Geçtiğim hafta da İstanbul’daydı ve Ritz-Carlton otelinde bir Şili şarapları tadımı yaptı. Tadılan altı şaraptan 2007 rekoltesi, burunda hoş ve temiz bir kokusu olan, damakta asiditesi yüksek bir limonsu tat bırakan, gençliğini ve diriliğini hissettiren Montes Sauvignon Blanc ile Cabernet Sauvignon-Merlot-Syrah kupajı Sideral Altair 2003 en dikkat çeken beyaz ve kırmızı idiler. Nimbus Estate Merlot ise yeni dünya Merlot’larının rahat içimleriyle fazla ciddiyet aramayacağınız iyi öğlen yemeği şarapları olduğunu gösteriyordu.

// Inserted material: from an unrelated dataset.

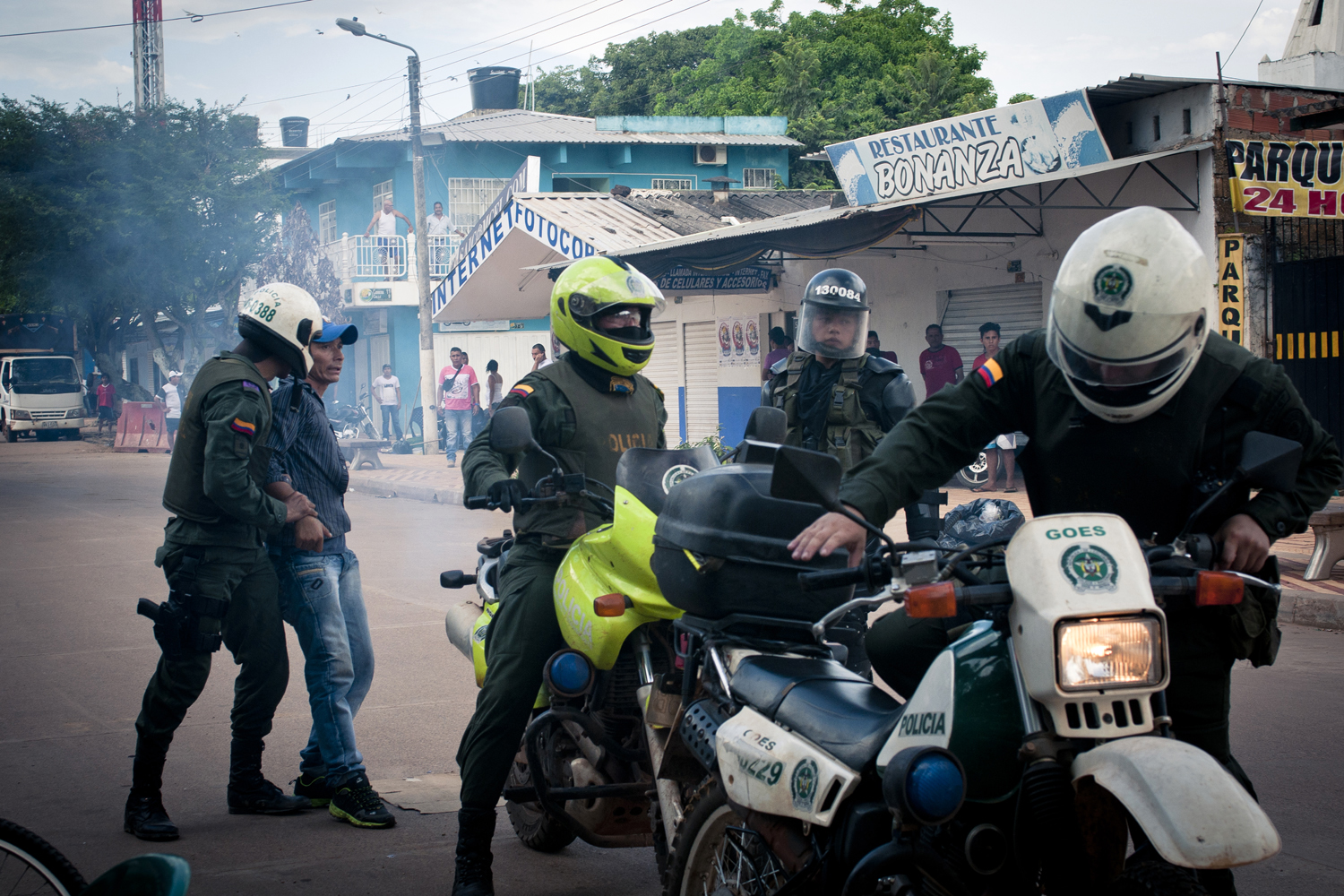 4 octobre 2012. Tentative d’arrestation d’un travailleur en grève.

Ama tadım hemen başlamadı. Önümüzde dizili altı kadehe tadacağımız şarapların konmasını beklerken Pascual Ibanez lafı uzattıkça uzattı. Hangi yemeklerle hangi şarapların içilmesi, şarabın nasıl servis edilmesi gerektiği, garsonun şarabı kadehe doldururken eliyle etiketini kapatmamaya dikkat etmesi derken, konu aperitif olarak içilecek şarap ve içkilere geldi. Benim dikkatim de önümdeki boş kadehlerden Pascual’ın söylediklerine gitti. Aperitif, Latince aperire’den gelir ev Türkçe’de açmak veya başlamak anlamına gelir. İyi bir aperitif iştah açmalı ve aç karına içileceği için yüksek alkollü olmamalıdır. Bundan 7 yıl önce yazdığım bir yazıda “Bildiğim en iyi aperitiflerden birisi soğuk bir biradır” diye yazmışım. Bu fikrim aradan geçen yıllarda değişmedi. Onun için şimdi bir şarap tadımında karşımda duran şarap uzmanı “İyi bir bira şarap kadar asil olabilir ve en iyi bir aperitiflerden birisidir” deyince kulaklarıma inanamadım. Yanımda oturan başka bir şarap uzmanı, ama aynı zamanda sıkı bir birasever olan Randy Mays ile bakıştık, o da benimle aynı şeyi duymuştu. Benjamin Franklin’in “Bira, Tanrı’nın bizi sevdiğinin bir ispatıdır” sözünü hatırladık.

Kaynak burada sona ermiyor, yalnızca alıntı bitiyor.